The resources necessary to accelerate a clean energy, transportation, food and housing transition often require government spending. Yet, governments in Europe and the United States are busy increasing their military budgets, creating an opportunity cost that slows if not retards this transition. The idea that funding can come from elsewhere begs the question of how we could be spending more and faster on the transition if we diverted resources from the military. We certainly should be spending more and faster. Given ecological tipping points, military spending and war mobilization represent the great diversion. The world is on the brink of at least five major ecological tipping points. At the same time, the UN reports that “the international community is falling far short of the Paris goals, with no credible pathway to 1.5°C in place.” Instead, militarists and their allies are on the offensive, helping to facilitate an arms race and conflicts throughout the globe. Turning first to Europe, we see significant increases in military expenditure (Figure 6). The same pattern holds for the United States (Figure 7). Violence against the planet is a byproduct, which debunks the idea of the world becoming more “peaceful.” Therefore, these military budgets represent ecocidal acceleration funds, given the opportunity costs of military spending identified by scholars like Seymour Melman and others, including discussions of the tradeoff between climate and combat budgets.

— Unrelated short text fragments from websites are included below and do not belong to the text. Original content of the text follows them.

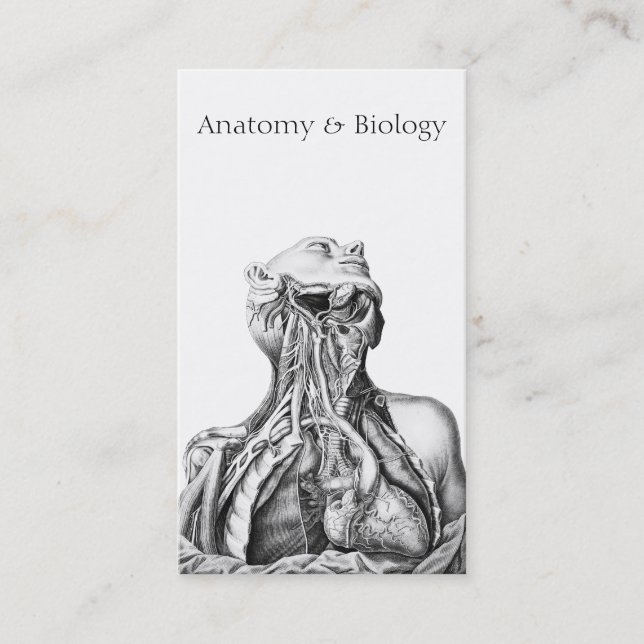 Tarjeta De Visita Ilustracion anatómico Ciencias Médicas (Anverso)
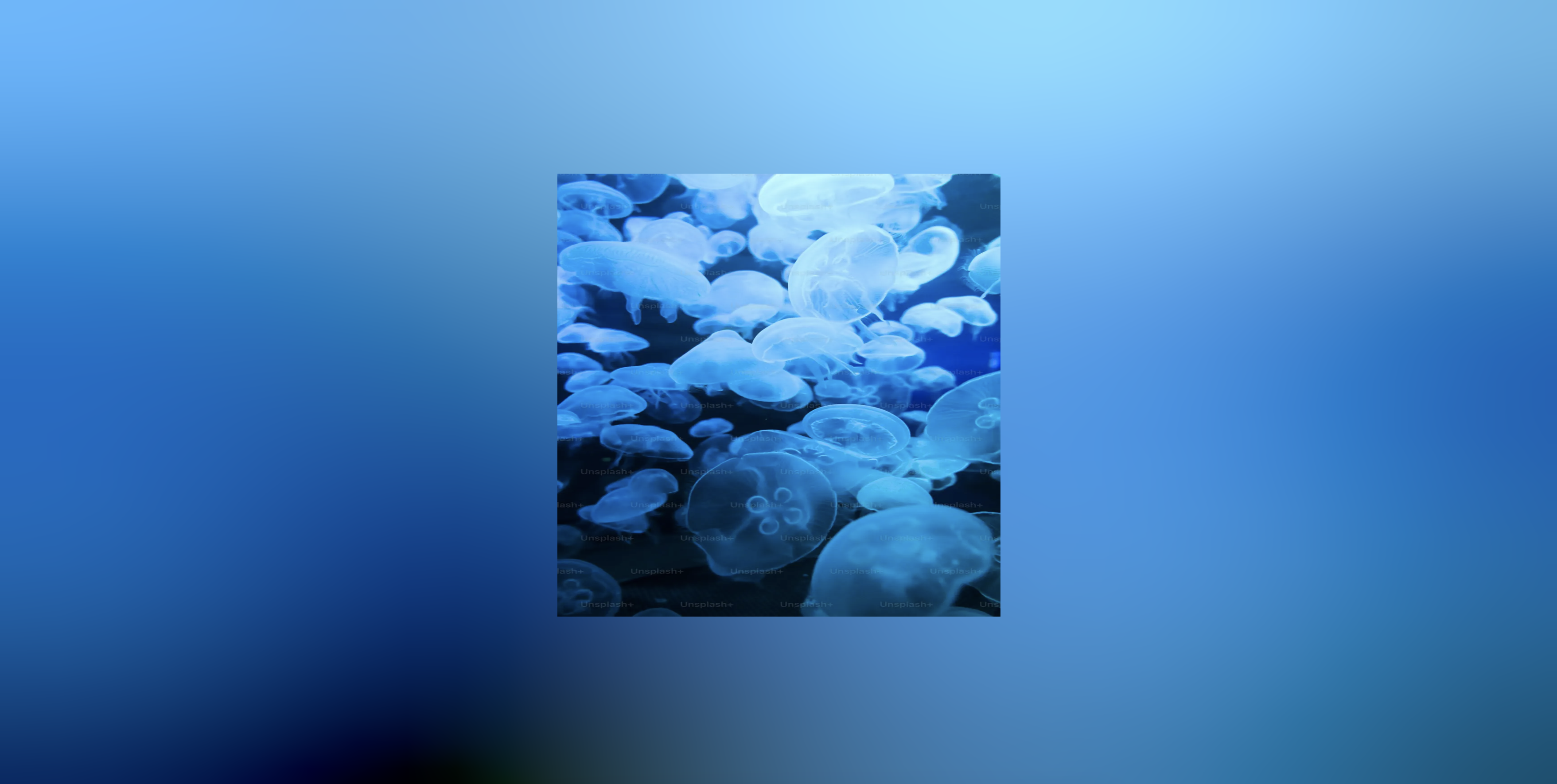 Blurred Background Example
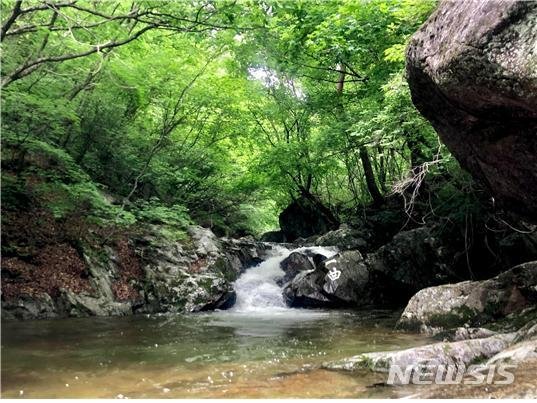 소백산 죽계구곡 (사진=소백산국립공원사무소 제공)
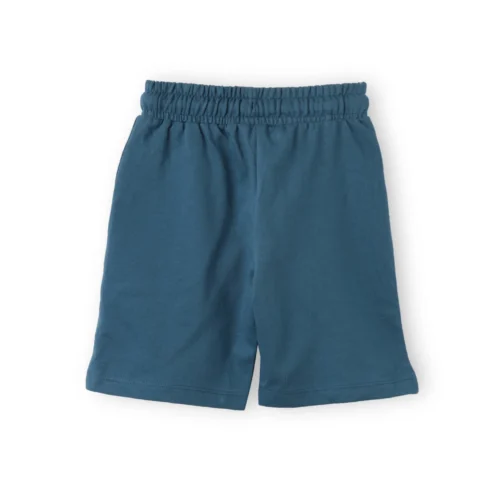 Boys Cotton Shorts with Dino Crossing Print | Blue Coral | Ages 2-6 | Mijoosh
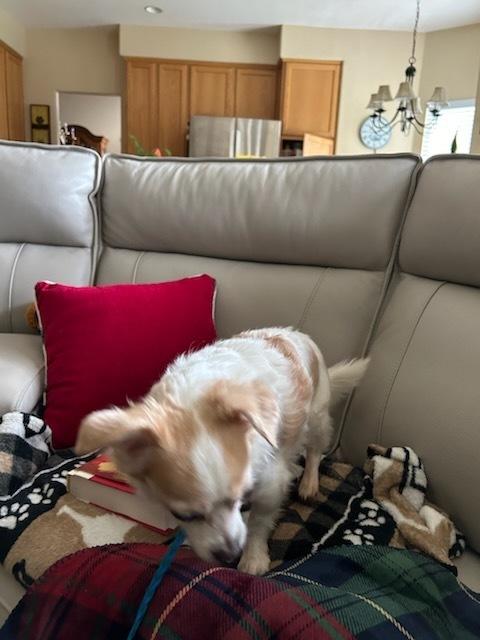 Enlarge Dewey, a Adoptable mixed breed in Claremont, CA image 1/6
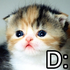 Avatar for Downlord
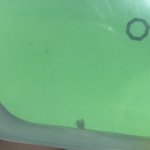 안경케이스로 벌레<b>잡음</b>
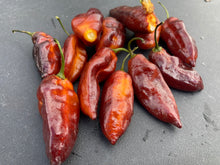 Load image into Gallery viewer, Serenade Horizon (Pepper Seeds)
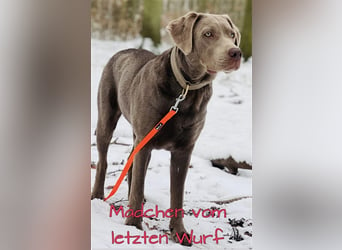 Labrador Welpen in der Farbe Silber mit Ahnentafel!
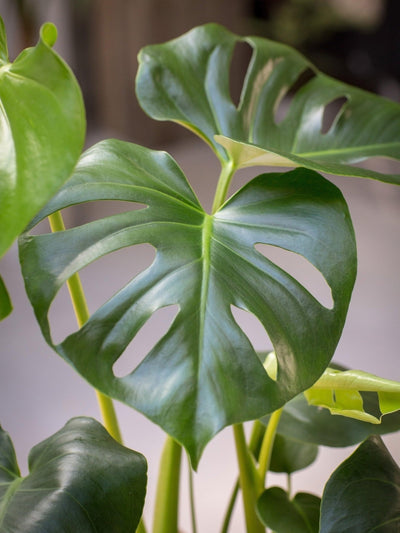 Monstera Deliciosa Husplante med Keramisk Potte, 40-45cm Høyde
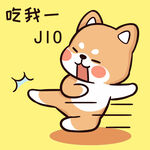 柴犬布丁           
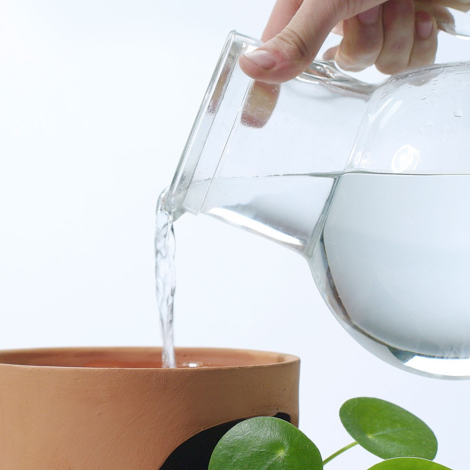 Gros plan sur une main versant de l'eau avec une carafe en verre dans un pot en terre cuite à ouverture latérale, illustrant le 
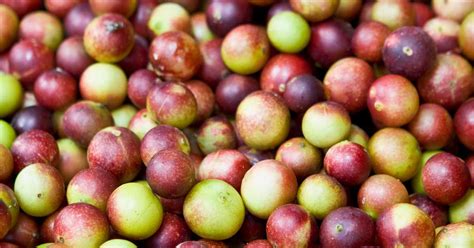 7 Evidence-Based Health Benefits of Camu Camu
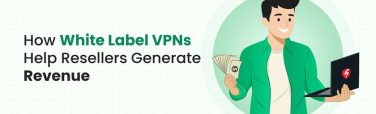 Ultimate Guide White Label VPN Reseller: Revenue Generation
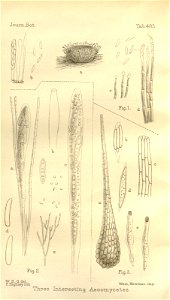 n194_w1150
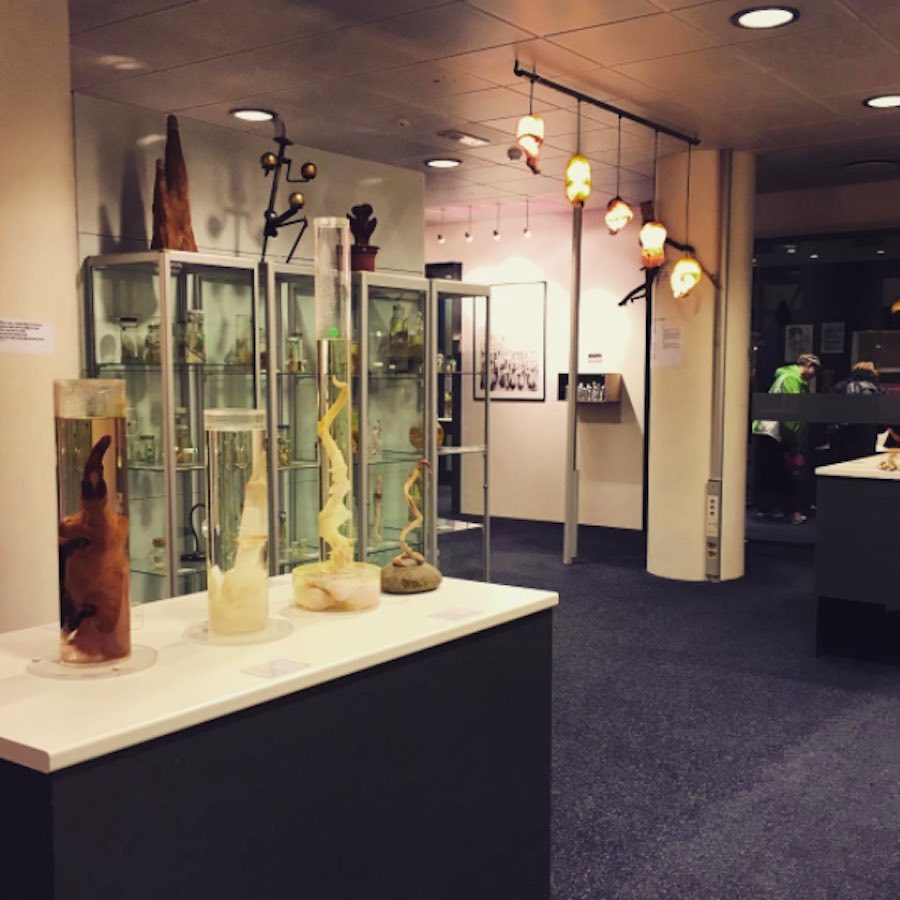 Museo de penes en Islandia
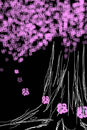 a-falling-cherry-bloss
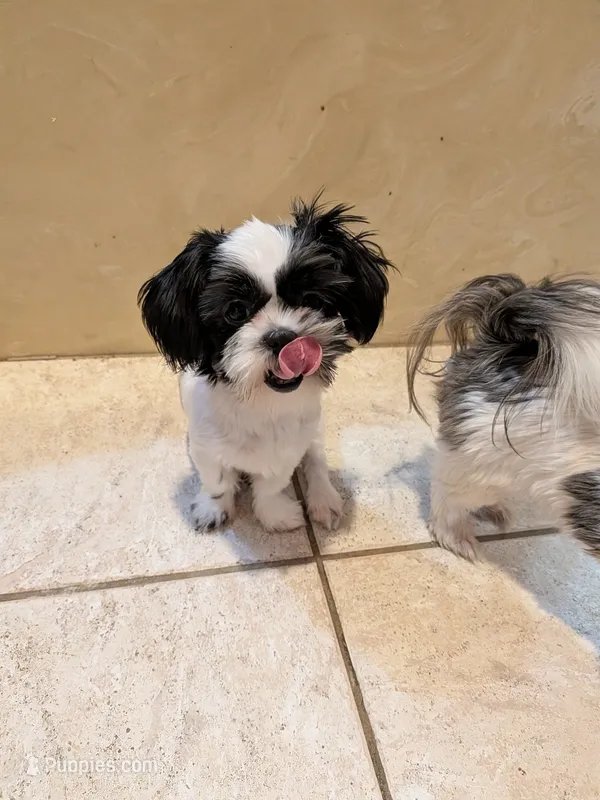 Pebbles (AKC, Imperial) – Shih Tzu puppy for sale in Bella Vista, AR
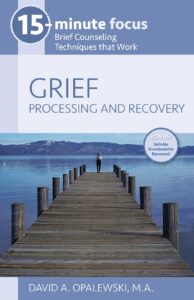 15-Minute Focus-Grief book cover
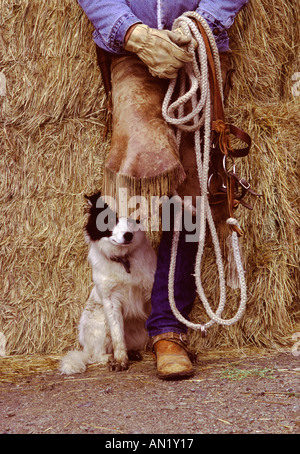Cowboy appoggiato su di balle di fieno con una gamba in alto con il cane di nome cactus dietro di lui Foto Stock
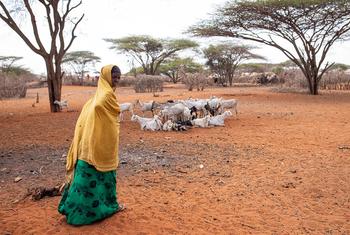 干旱正在影响肯尼亚的干旱和半干旱地区。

Figure 6: European Union Military Expenditures in Current U.S. Dollars: 1960-2021

Source: The World Bank (2023).

Figure 7: U.S. Military Spending 2000 to 2022 in Current U.S. Dollars: 2000-2022

Source: Statista, 2023.

The U.S.-Chinese relations are indicative of a larger problem. The U.S. has absorbed oil profits from Saudi Arabia by exporting weapons to Saudi Arabia in the billions of dollars. From 2015 to 2019, “a total of 73% of Saudi Arabia’s arms imports came from the U.S., and 13% from the U.K.,” according to a report by the Brookings Institution using SIPRI data. Last year, PBS reported that the Biden administration “approved two massive arms sales to Saudi Arabia and the United Arab Emirates to help them defend against Iran.” The deal involved “$5 billion in missile defense and related sales.” Yet, Bruce Reidel at the Brookings Institution argued that these weapons sales contribute to slaughter in Yemen: “The war in Yemen is America’s war. Saudi Arabia has spent a fortune buying arms from America to prosecute a war that has killed almost a quarter of a million people — the world’s worst humanitarian catastrophe in our lifetime. Two American administrations have enabled the war. It’s long past time to stop.” An analysis by Jordan Cohen and Jonathan Ellis Allen at the Cato Institute explained the U.S. connection to Saudi Arabia’s war: “Despite not directly contributing troops to the fighting, the United States has played a pivotal role in the conflict. At least 80 percent of the Saudi pilots who executed these frequent strikes in Yemen received U.S. training. Furthermore, the Kingdom of Saudi Arabia is the United States’ top purchaser of weapons and has been so for the past 10 years.” U.S. military spending helps prop up the Saudi Arabian government thereby helping to repress any elements that might convert rather than simply diversify the Saudi economy’s energy portfolio and investments.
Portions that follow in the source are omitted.